Just by listening to these in order you can feel the progression of the town. They all sound effortlessly good on their own and it seems like a magical feat, but it’s not really difficult to achieve this when you consider the approach. They all have a purpose. When music is composed with a specific feeling and environment in mind, it has a much bigger impact and connects to the player. The important thing here is the same melody is in all 4 songs, just presented in a different way; exactly how a town grows.

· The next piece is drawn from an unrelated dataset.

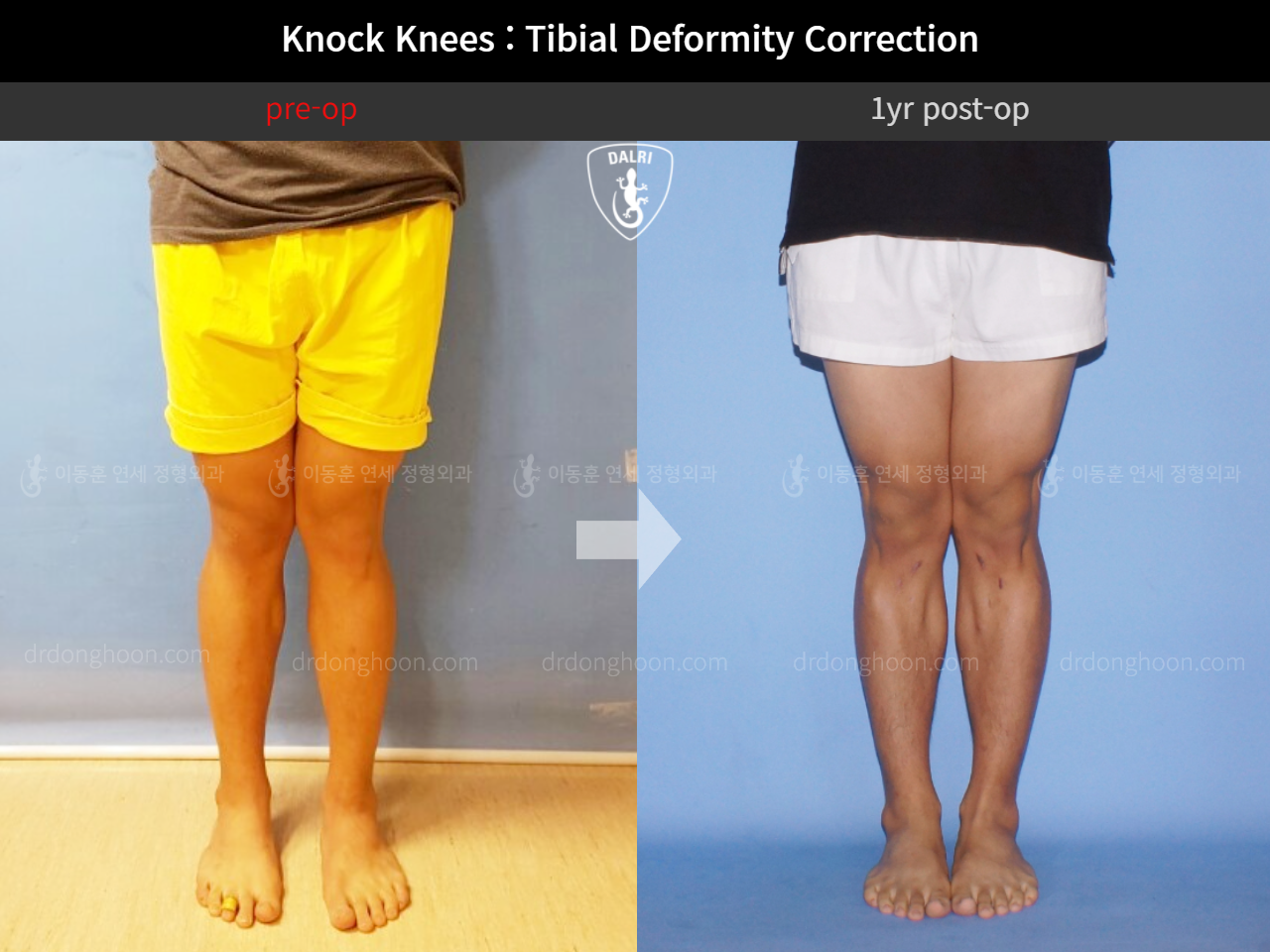 Before and after adult knock knees, case 11468369, image 3, Dr. Donghoon institute (DALRI)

Not all games have environments that transform but almost every game has a feeling of progression as you play, and characters may become different instead. Another example of this is battle music getting more intense with bosses, and Xenoblade throws some hard-hitting guitar riffs when an enemy is extra strong. Some Tales games also do a good job with this as the standard battle theme evolves through the game as heavy events unfold and change the scope of the world.
2. The Small Things
This song is only played in a tiny corner of the map, where refugees have set up their own little escape from the world. The composition is a mix of hope and warmth, with a little unease to start with. The chords are steady and reflect the routine of people who are content living in their own little bubble. The song makes me feel like I’m in my own happy corner, staring out at a bad place thinking “thank god I’m not there”. It’s extremely stimulating to listen to when I’m thinking about something distant. I’m using this one song as an example because it’s done quite a lot through this soundtrack, there is very little repetition. I would say 90% of games re-use songs in different areas, which is OK if the songs are good but Xenoblade’s approach isn’t about good, it’s about purpose. In my opinion there’s no point adding an area to the game if you’re not going to give it an identity.
3. What Time Is It?
Every single area in Xenoblade has different music depending on whether it’s night or day. Makna Forest’s music tones down and gets slower as the heat of the day eases off, and Frontier Village gets more relaxed as cute little Nopon’s get ready to sleep. My favourite area for this is Satorl Marsh, which completely transforms from a dirty swamp in the day, to an absolute dream of beauty at night. Just look at it.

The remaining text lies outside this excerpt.